Courts frequently dismiss cases against religious institutions because they mistakenly believe the First Amendment prevents them from intruding on religious employment disputes. They have invented a "ministerial exemption" that prevents religious lawsuits from being heard by a jury.
Consider the case of Madeline Weishuhn, a mathematics and religion teacher at St. Mary's Elementary School in Mount Morris, Michigan. According to the opinion dismissing her lawsuit, Weishuhn’s contract was not renewed after the 2005-06 school year “after a series of employment-related incidents, none of which involved the subject of religion.” The incidents are not described.
Weishuhn is representative of what happens in ministerial exemption cases. The facts are not developed because the cases are dismissed on jurisdictional grounds. If the events at St. Mary’s Elementary School did not “involve the subject of religion,” then they should be considered in the courtroom, by a jury.
Michigan newspapers and Weishuhn’s attorney revealed the facts. A student told Weishuhn that a student from another school was being abused by her father. Weishuhn reported the information to the authorities as the Michigan statute about reporting child abuse requires and was fired for doing so. The Michigan Court of Appeals ruled that a parochial school teacher is not protected against retaliatory dismissal and the state’s Supreme Court refused review.
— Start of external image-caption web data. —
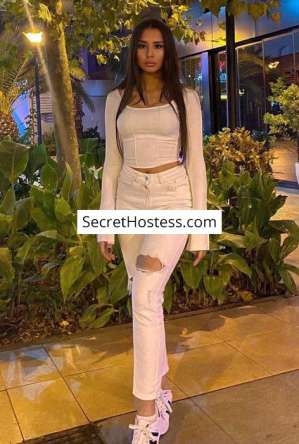 21 year old Escort in Dubai Lika, Agency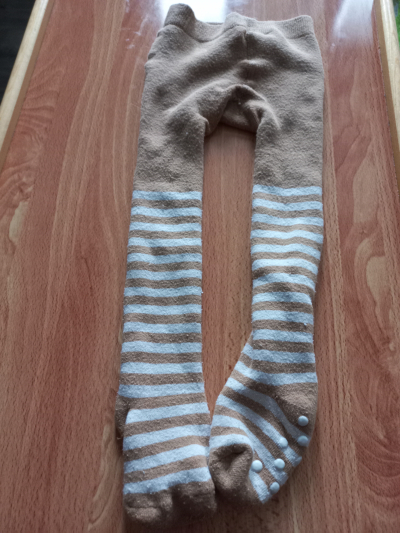 Dětské punčocháče 62/68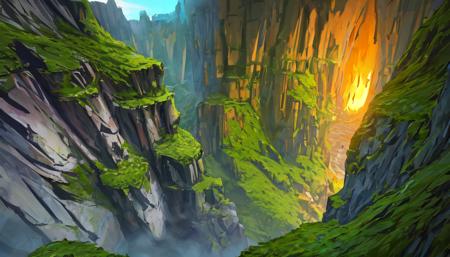 Fantasy Background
According to Weishuhn’s lawyer, “I cautioned [the court], if you're going to [apply the ministerial exception to this case], be very careful because you certainly have to provide protection for these [employees] who are compelled to report under the law and are subject to retaliation, . . . What they are saying is that my client doesn't even have protection for that.”
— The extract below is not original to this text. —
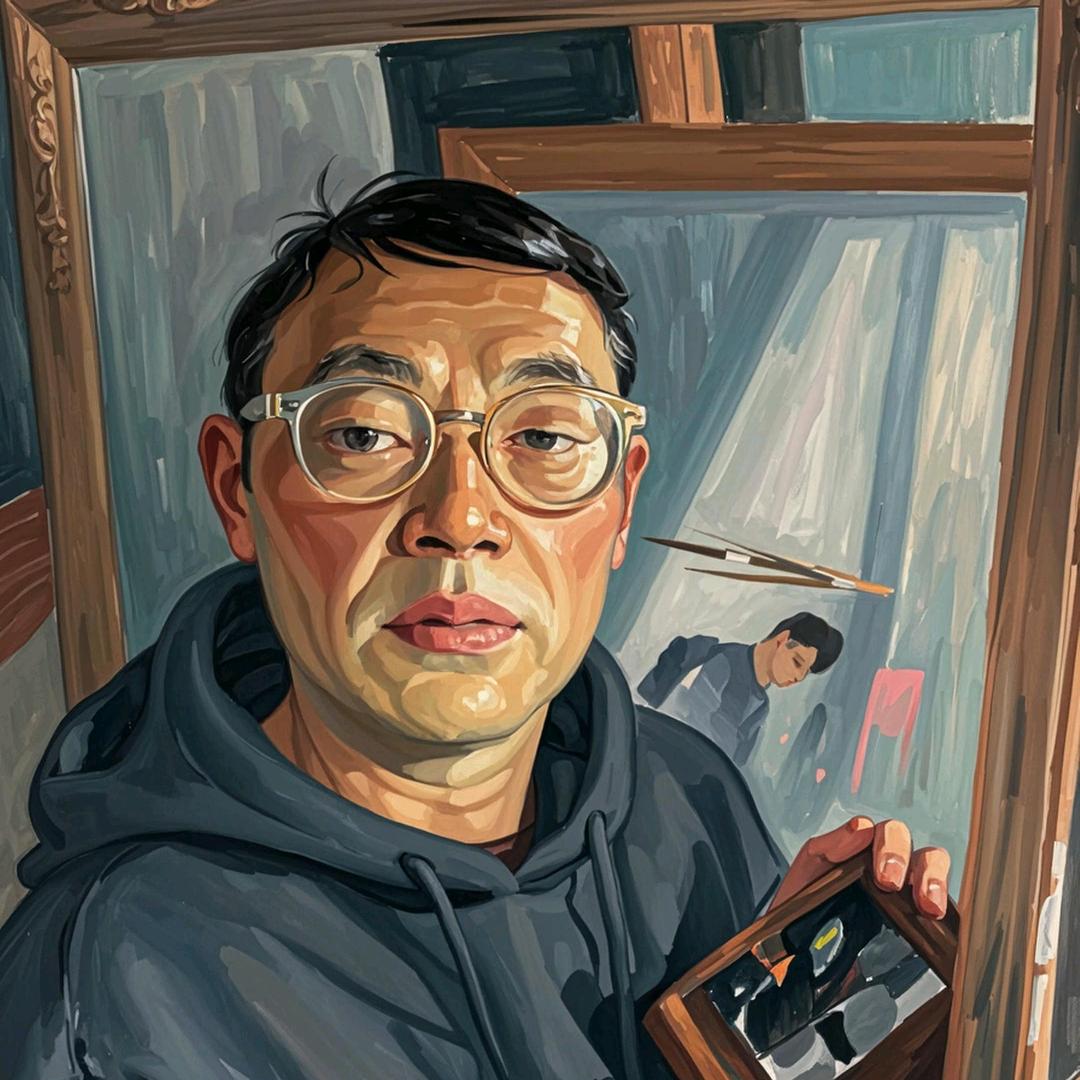 遇见你是上上签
The appeals court demonstrated the misinterpretation of the First Amendment that plagues the courts, commenting that although “it seems unjust that employees of religious institutions can be fired without recourse for reporting illegal activities, particularly given that members of the clergy, as well as teachers, are mandated reporters. . . . to conclude otherwise would result in pervasive violations of First Amendment protections.” In other words, churches enjoy constitutional freedom to retaliate against employees who report sex abuse, even though the law requires sex abuse reporting, and even though Weishuhn was a teacher (not a minister) who did not violate Catholic teaching.
The larger background to this story is the worldwide sexual abuse scandal in the Roman Catholic Church, in which at least 15,235 victims have been acknowledged by the church in the United States while others estimate that 100,000 victims were involved. Sexual scandals have hit other religious denominations, large and small, in numbers still unknown. If women’s and children’s rights are to be protected, the courts and the law must be on the side of the whistleblowers and not on the side of church autonomy to break the law. The courts need to start enforcing employment laws against religious institutions.